According to Apptopia data, the number of new Robinhood app downloads in Q3 (a proxy for account openings) is down -78% from 2Q21. This compares with a drop of around 50% for Bitcoin, Coinbase and other crypto apps that rode the retail trading trend. In addition, Q3 daily active users (a proxy for activity levels) have declined -40% from 2Q21. This compares with a 23% decline for crypo peers and 30% for Schwab.
As stock bubbles start to pop (see 1999/2000 and 2007/2008) retail stock speculators start to lose interest in the market or try to buy the dip until they destroy their account. Most ultimately get wiped out.
When HOOD reported its Q2 numbers on August 18th, it warned that it expected lower trading activity and lower revenue in Q3 as well as “considerably fewer funded accounts” compared to Q2. The Company also has warned twice of a slowdown in crypto trading revenue.
HOOD IPO’d on July 29th so there’s only a little over two months of trading data. The chart above (through 10/1/21) is an hourly chart that goes back to the IPO date. Technically, it looks like continued market turbulence could knock the stock down to $30 this quarter. If the stock market suffers and “accident” this month, HOOD will go below $30. And there’s the constant threat of regulatory torpedoes being launched at the share price.
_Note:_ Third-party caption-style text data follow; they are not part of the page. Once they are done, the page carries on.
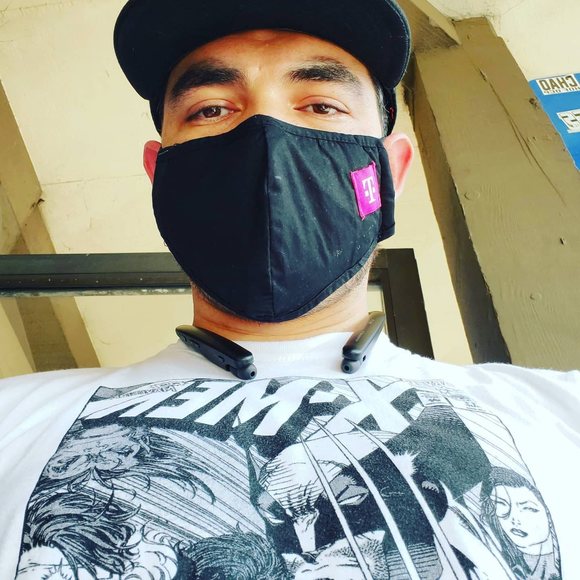 Profile Picture of Alfredo Felix (@alfredoflx) on Poshmark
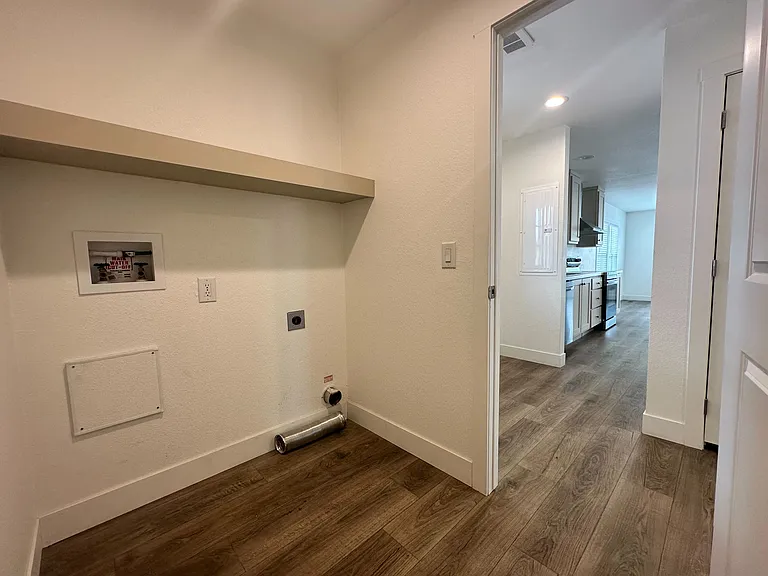 2060 N Ctr #430 — Photo 15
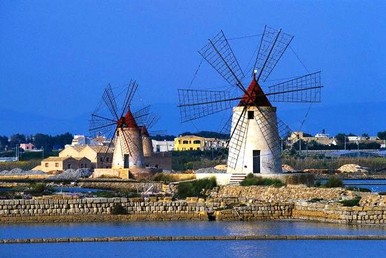 Marsala egy terasz az Egadi-szigeteken - Marsala | Secret World Trip Planner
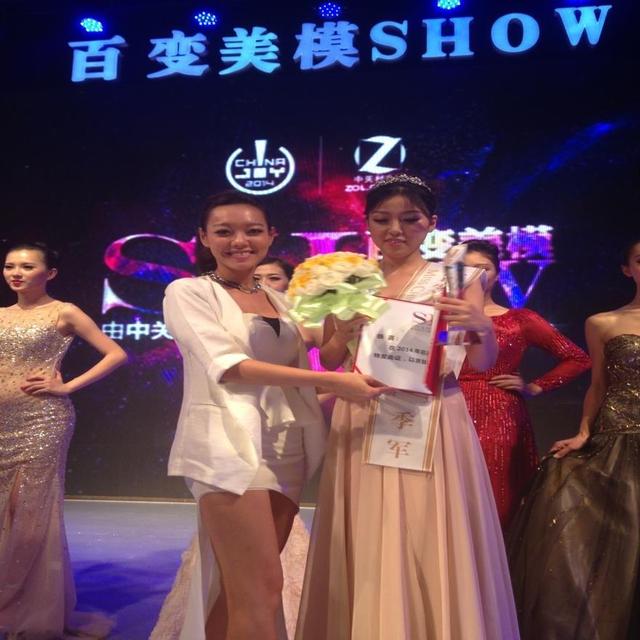 齐浠儿新戏杀青 片约不断仍坚持做公益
Of the 875 million shares outstanding, insiders have dumped 464 million. In addition, 98.7 million shares connected to a convertible note owned by insiders will be dumped once the S-1 registration becomes effective. Finally, another 567.9 million shares will become available to sell by insiders as lock-up restrictions expire. Oh, and let’s not overlook the fact that ARKK owns 5.5 million shares and has been adding more shares recently. ARKK’s endorsement of HOOD alone makes it a fabulous short without knowing the long list of fundamental negatives.